[LIVROS] De Amor Tenho Vivido: 50 poemas de Hilda Hilst para repensar o amor

[LIVROS] De Amor Tenho Vivido: 50 poemas de Hilda Hilst para repensar o amor

Nós, poetas e amantes/ o que sabemos do amor?“. O amor é tema constante na poesia. Abordado sobre vários vieses e vozes, permeia a sociedade. Mas o que se sabe do amor? Ou antes, qual seria o conceito de amor? Diante da vastidão de interpretações, a Companhia das Letras reúne 50 poemas de Hilda Hilst. De Amor Tenho Vivido aborda esse sentimento tão atrelado a dores. Revela a visão do eu lírico de Hilst, uma mulher situada num complexo mundo de relações. E, para acompanhar os poemas, lindas ilustrações de Ana Prata.

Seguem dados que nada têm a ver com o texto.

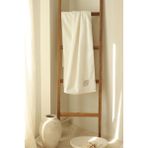 İrya Sedef Bambu Nakışlı Banyo Havlusu 70X140 cm - 70 x 140 cm - Ekru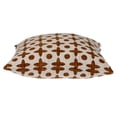 thumbnail image 2 of Nassau Collection Abstract Print Cotton Throw Pillow - 18" - Brown and Beige, 2 of 4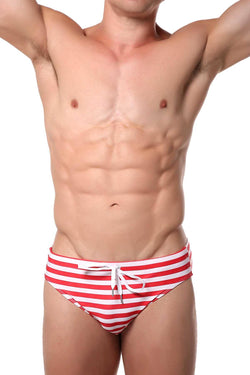 Pool Boy Red Line Swim Brief thumbnail 2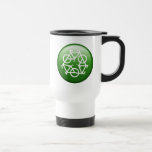 Recicle el logotipo con las bicicletas tazas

Como bem observado na resenha de Da Poesia, Hilda Hilst sofreu com a desvalorização de seu trabalho. Apesar de ter uma produção robusta, não chegou ao mesmo reconhecimento de poetas masculinos. E é preciso ressaltar que eles também exploraram o corpo feminino e o amor. A diferença, por óbvio, resiste no tom, na forma de olhar. Diferentemente deles, Hilda Hilst não deseja explorar o que não lhe pertence. Deseja, porém, dar voz e vida a esse corpo muitas vezes explorado. Muitas vezes entregue a conturbadas relações de amor e de dor.

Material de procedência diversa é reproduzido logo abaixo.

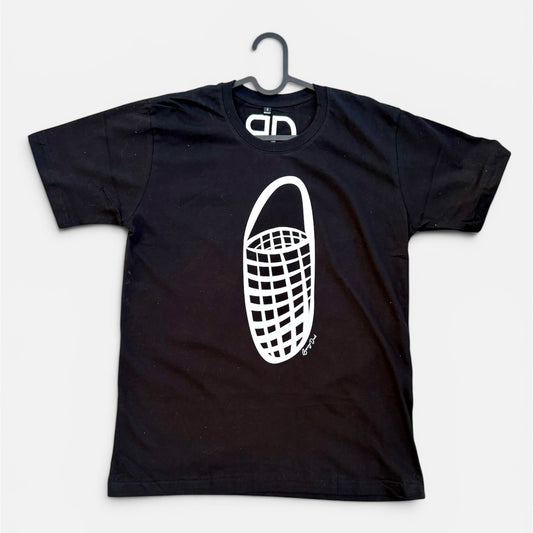 Black T Shirt - Basket | Authentic Trawlwoolway First Nations Art T-Shirts | Indigenous Australian Designer Clothing | Cultural Wearable Art | Small-3XL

HIlda Hilst publicou sua primeira obra em 1950. Presságio, assim, inaugurou o que a autora chamaria de sua fase de “literatura séria”. Nascida em São Paulo, em 1930, teve formação clássica e em Direito. Publicou poemas, obras de ficção e não ficção, além de peças de teatro. Todavia, sua carreira tomou um rumo diferente na década de 90. Insatisfeita com a ausência de reconhecimento, decidiu explorar a literatura pornográfica. Os títulos O Caderno Rosa de Lori Lamby, Contos D’escárnio – Textos GrotescosCartas de um Sedutor Bufólicas foram reunidos em sua “tetralogia obscena”. Agraciada com algumas premiações, Hilst faleceu em 2004. E deixou, por fim, sua vasta obra sobre amor, sexualidade e liberdade para o mundo.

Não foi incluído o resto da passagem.